Deuxième vérité à tirer donc des événements de la semaine passée, les FAMAs ont préservé leurs positions au terme d’accrochages très durs. La précision est essentielle à relever et elle constitue une vraie bonne nouvelle si on se souvient que profitant du désarroi causé par la déroute de nos troupes à Kidal, la rébellion avait procédé en mai de l’an passé, sans rencontrer de véritable opposition, à une occupation éclair des points tenus par l’Armée nationale. Le comportement déterminé des troupes à Léré et à Diré est aussi à mettre en totale opposition avec les graves négligences qui avaient facilité la meurtrière incursion des terroristes dans le camp militaire de Nampala le 5 janvier dernier.

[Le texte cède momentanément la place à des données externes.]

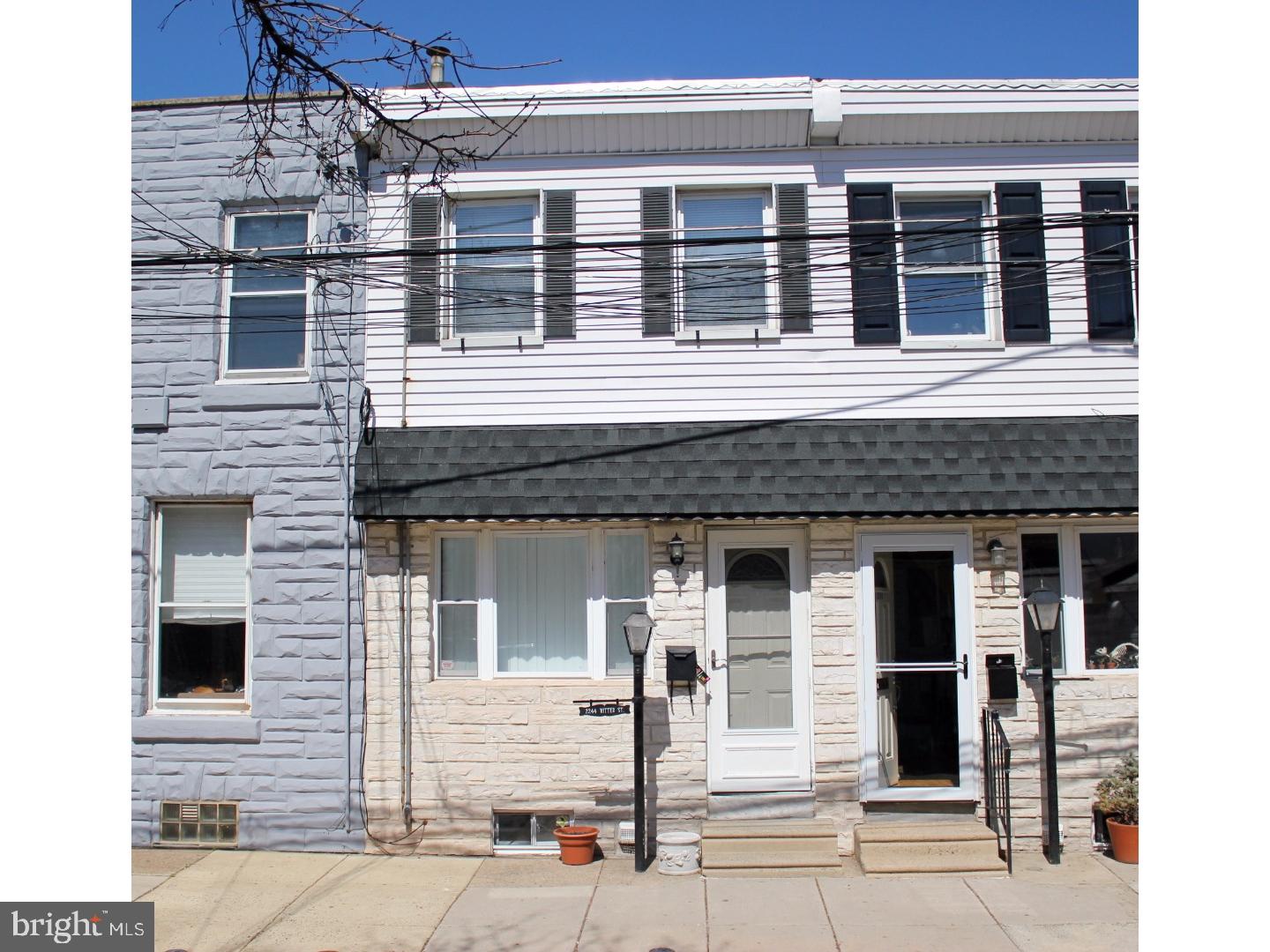 2244 Ritter Street Philadelphia, PA 19125 - Photo 15 of 15 Gallery Image 15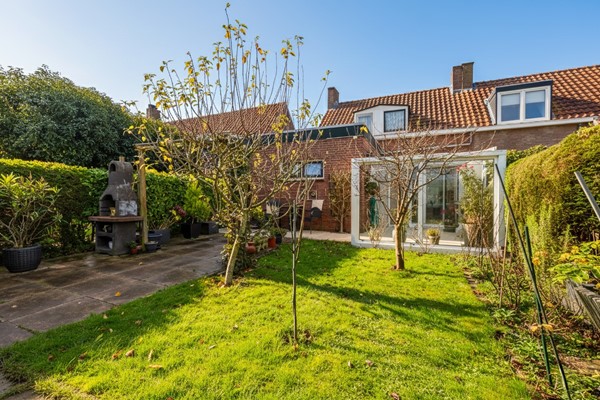 Medium property photo - Prins Bernhardstraat 37, 4507 BD Schoondijke
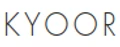KYOOR logo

ASSISTANCE ET PROTECTION. Après l’échec de ses actions sur le terrain, la CMA a notablement durci le ton dans ses communiqués. Elle a notamment exigé du GATIA un « retrait intégral, immédiat et sans conditions en vertu des accords de cessez-le-feu ». L’un des ses porte-paroles, Assarid Ag Mohamed, a été plus loin dans une interview à la BBC dimanche dernier en assurant que la Coordination ne se jugeait plus liée par aucune des dispositions édictée par le cessez-le-feu. Au journaliste qui l’interrogeait à propos de la disponibilité de la CMA à parapher l’Accord au cas où ses exigences seraient satisfaites, le responsable s’est montré délibérément flou en lançant un lapidaire « Une chose après l’autre ».

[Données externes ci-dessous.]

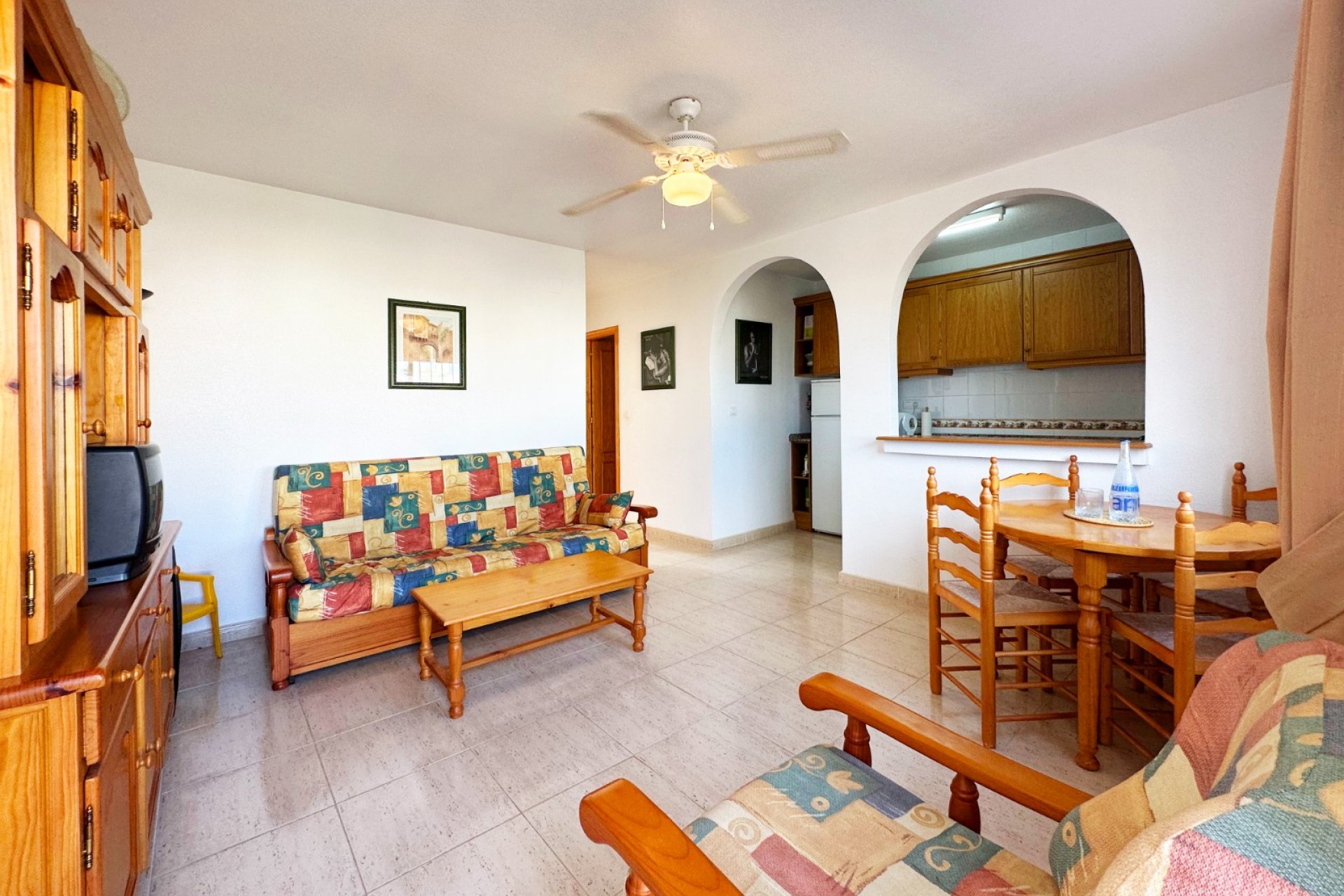 Revente - Bungalow -
San Miguel de Salinas - Inland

Troisième constat, la disponibilité de la Coordination à reprendre les discussions sur la forme et le calendrier de son adhésion à l’Accord d’Alger n’est donc pas encore clairement établie. Pour le moment, le groupement des mouvements armés se dédouane de toute prise de décision en ce sens en affirmant que les événements de Ménaka sont convenus contrarier l’ « engagement définitif » qu’il avait donné pour « parapher l’Accord dans les plus brefs délais », engagement exprimé le 26 avril à Nouakchott au patron de la MINUSMA.
Effectivement Bilal Ag Chérif avait remis un document en ce sens à Monghi Hamdi qui lui avait assuré que des discussions seraient ouvertes entre la CMA et le gouvernement malien après le paraphe et avant la signature. Mais connaissant le mode de fonctionnement de la Coordination et le rapport actuel des forces en son sein, le terme « définitif » était à prendre avec la plus extrême précaution. Le médiateur algérien peut en témoigner, lui qui avait aussi reçu une assurance officielle écrite de la CMA acceptant le paraphe de l’Accord le 15 avril à Alger.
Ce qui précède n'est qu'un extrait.